(Records for the task begins)

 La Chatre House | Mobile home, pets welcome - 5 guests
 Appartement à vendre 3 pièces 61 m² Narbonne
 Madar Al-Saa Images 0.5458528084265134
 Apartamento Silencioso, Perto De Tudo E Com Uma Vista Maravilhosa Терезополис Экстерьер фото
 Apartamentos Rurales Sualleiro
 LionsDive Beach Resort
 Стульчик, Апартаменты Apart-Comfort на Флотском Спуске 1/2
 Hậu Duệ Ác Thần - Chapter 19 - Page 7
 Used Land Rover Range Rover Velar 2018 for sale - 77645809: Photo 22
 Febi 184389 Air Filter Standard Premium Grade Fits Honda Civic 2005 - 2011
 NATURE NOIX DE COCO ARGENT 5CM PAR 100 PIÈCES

(Records for the task ends)

-- Brief --
The complete set of entries above must be reproduced verbatim.

-- Solution for this problem --
 La Chatre House | Mobile home, pets welcome - 5 guests
 Appartement à vendre 3 pièces 61 m² Narbonne
 Madar Al-Saa Images 0.5458528084265134
 Apartamento Silencioso, Perto De Tudo E Com Uma Vista Maravilhosa Терезополис Экстерьер фото
 Apartamentos Rurales Sualleiro
 LionsDive Beach Resort
 Стульчик, Апартаменты Apart-Comfort на Флотском Спуске 1/2
 Hậu Duệ Ác Thần - Chapter 19 - Page 7
 Used Land Rover Range Rover Velar 2018 for sale - 77645809: Photo 22
 Febi 184389 Air Filter Standard Premium Grade Fits Honda Civic 2005 - 2011
 NATURE NOIX DE COCO ARGENT 5CM PAR 100 PIÈCES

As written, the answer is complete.